Duas extremidades do Parque Maurício Sirotsky Sobrinho abrigam piquetes com histórias totalmente opostas, apesar do amor em comum pelo tradicionalismo gaúcho. Perto da entrada pela Avenida Edvaldo Pereira Paiva, está o Chimango, que carrega o título de pioneiro por participar do Acampamento Farroupilha desde 1982. Já nas proximidades do estacionamento da Casa do Gaúcho, encontra-se o Tropeiros de Guaíba, que faz sua estreia no local neste ano.
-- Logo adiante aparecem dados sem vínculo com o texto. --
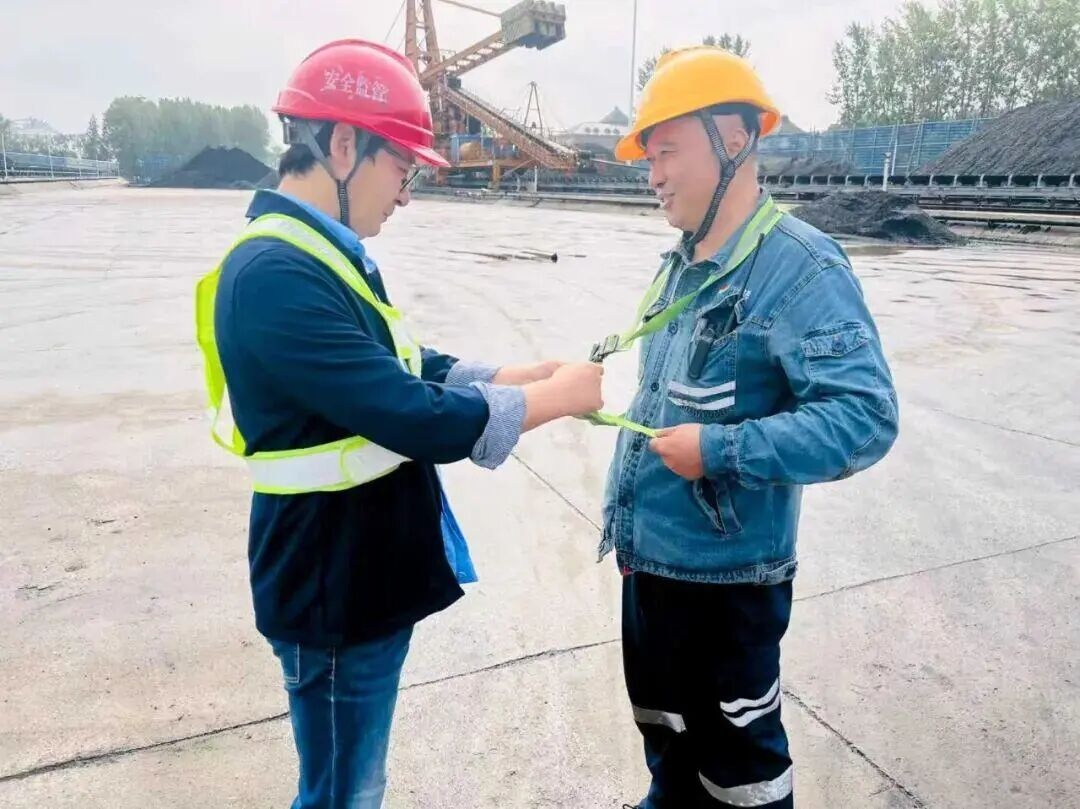 1760426440337412.jpg 11.jpg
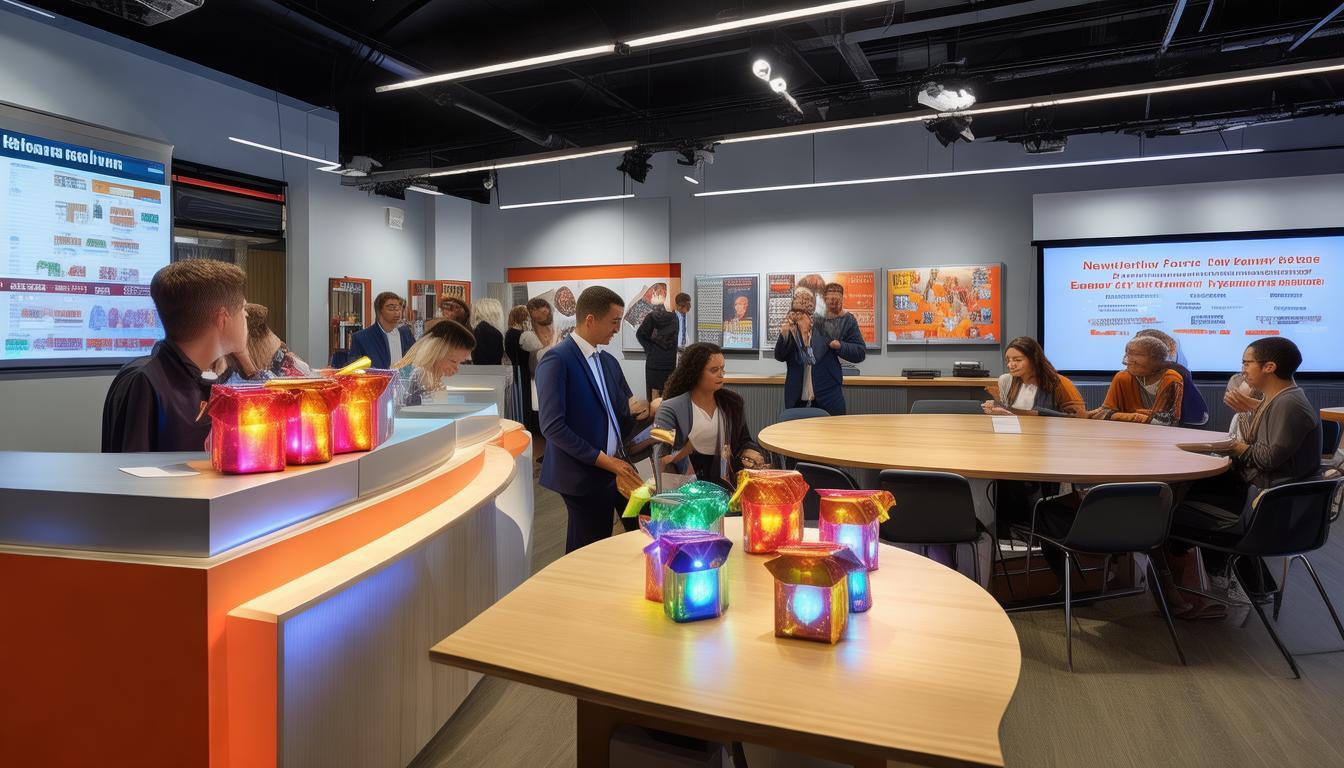 寻找当地导游的app_钱包创建_imToken钱包App的当地社区建设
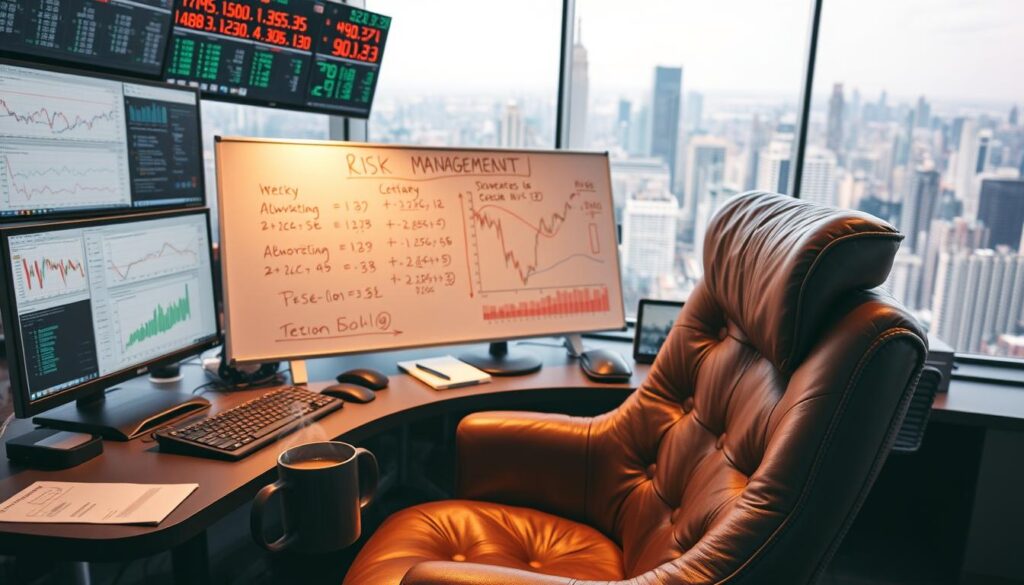 risk management trading rules risk management trading rules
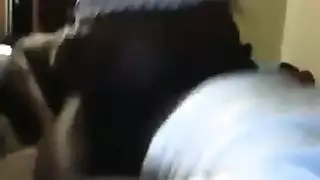 الوصول إلا النشوة الانثوية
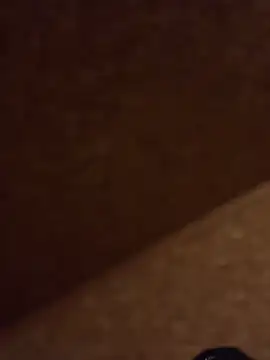 Ldnick69 Live XXX-Chat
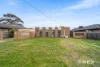 20 Mary Street, Hampton Park, Vic 3976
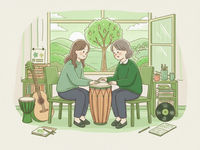 2026/1/5 第64回勉強会を実施しました〜文献:芸術療法と治療者〜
O paulista Patrick Ernesto de Carvalho Oliveira, 45 anos, que é patrão do piquete estreante, conta que conheceu o parque há uma década e meia, quando veio para o Rio Grande do Sul. Na época, decidiu que queria ter um galpão no local, mas suas tentativas não foram bem-sucedidas:
— Quando eu vim a primeira vez, os caras não deixavam a gente entrar, era tudo porteira fechada. Aí fiquei com aquilo na cabeça, pensando que deveria acontecer com mais pessoas e que um dia eu teria um negócio desses. Fui tentando e depois conheci um amigo gaúcho, que me apresentou um piquete. Comecei a conhecer a cultura e como era o funcionamento, eu ia como visitante, mas também ajudava.
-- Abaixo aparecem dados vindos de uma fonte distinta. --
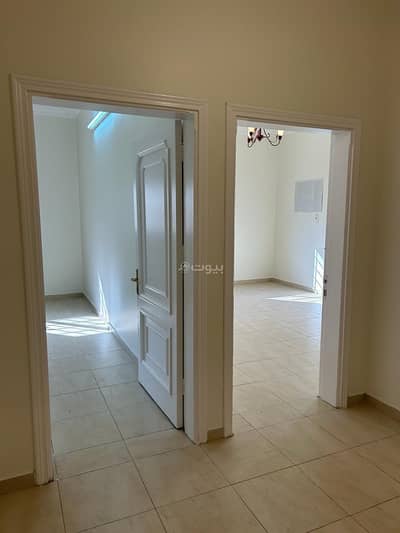 5 Bedroom Flat for Rent in Taif, Western Region - Apartment for rent in Al Mathana neighborhood, Taif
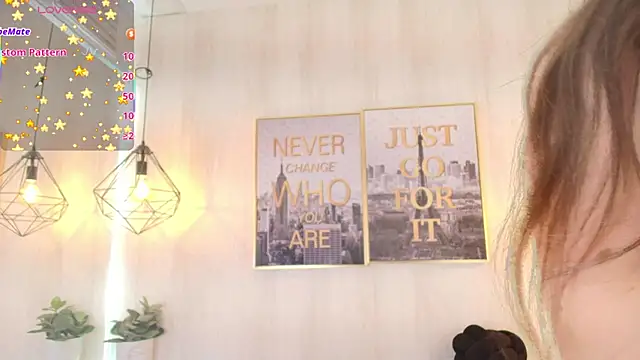 Cammi wagner online show from January 2026 08:04:02 PM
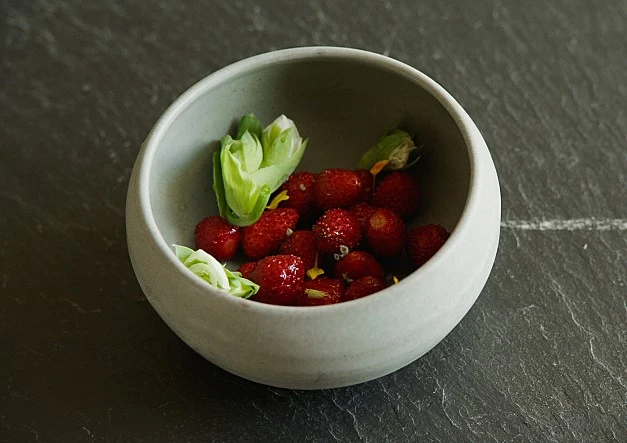 %C0%BD%BD%C42.jpg?type=w1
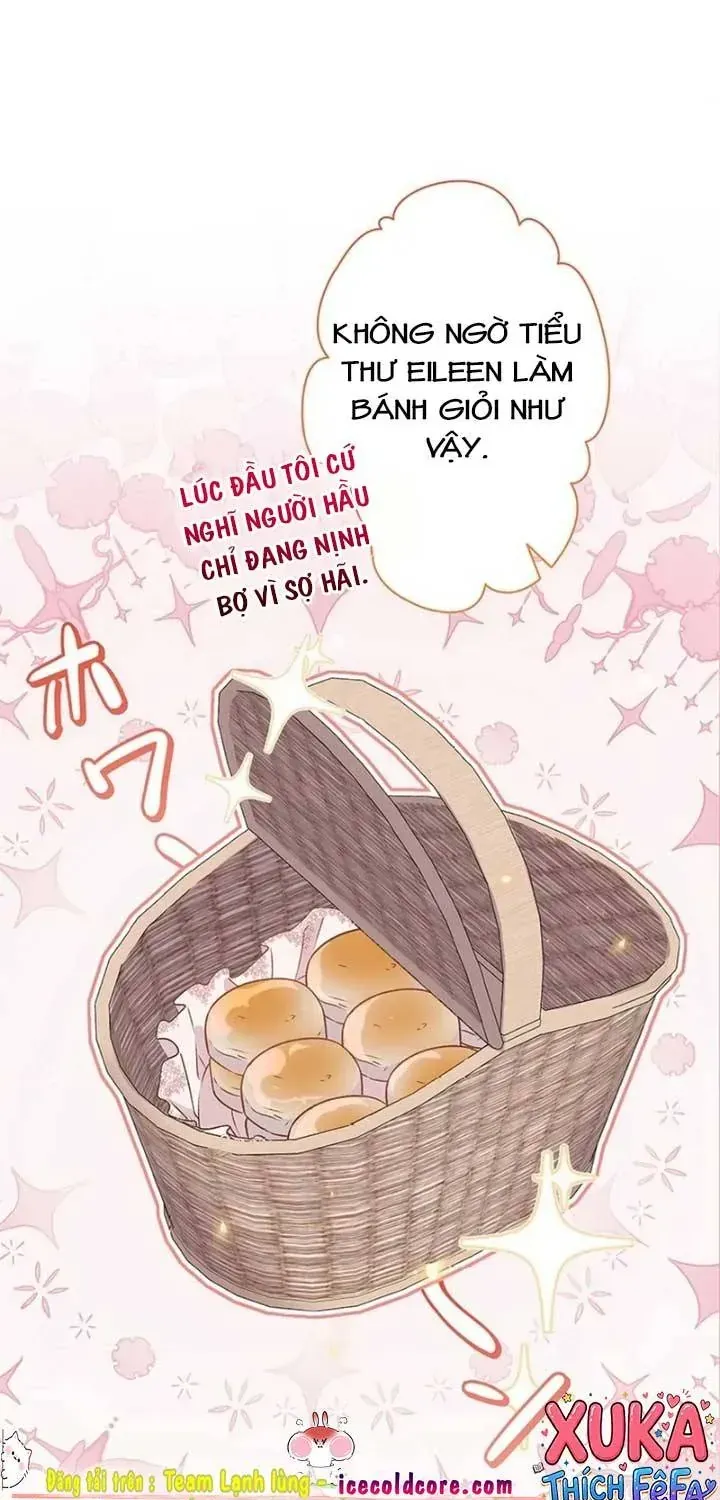 Đảo Ngược Cục Diện Gỡ Bỏ Kết Oán Với Bạo Chúa Chap 7 - Next Chap 8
Casado com uma gaúcha, Oliveira relata que a oportunidade de ter o próprio galpão no parque surgiu no final de 2022 e que a ideia é que o piquete tenha um viés mais solidário. Além de manter a porteira aberta para todos os visitantes, o patrão distribuirá carne e salsichão com pão três vezes por semana.
O nome Tropeiros de Guaíba, explica, é uma homenagem à esposa, que é natural da cidade de mesmo nome. Para a montagem do galpão, Oliveira contou com a ajuda do sogro Arno Monteiro, 62 anos, e de amigos.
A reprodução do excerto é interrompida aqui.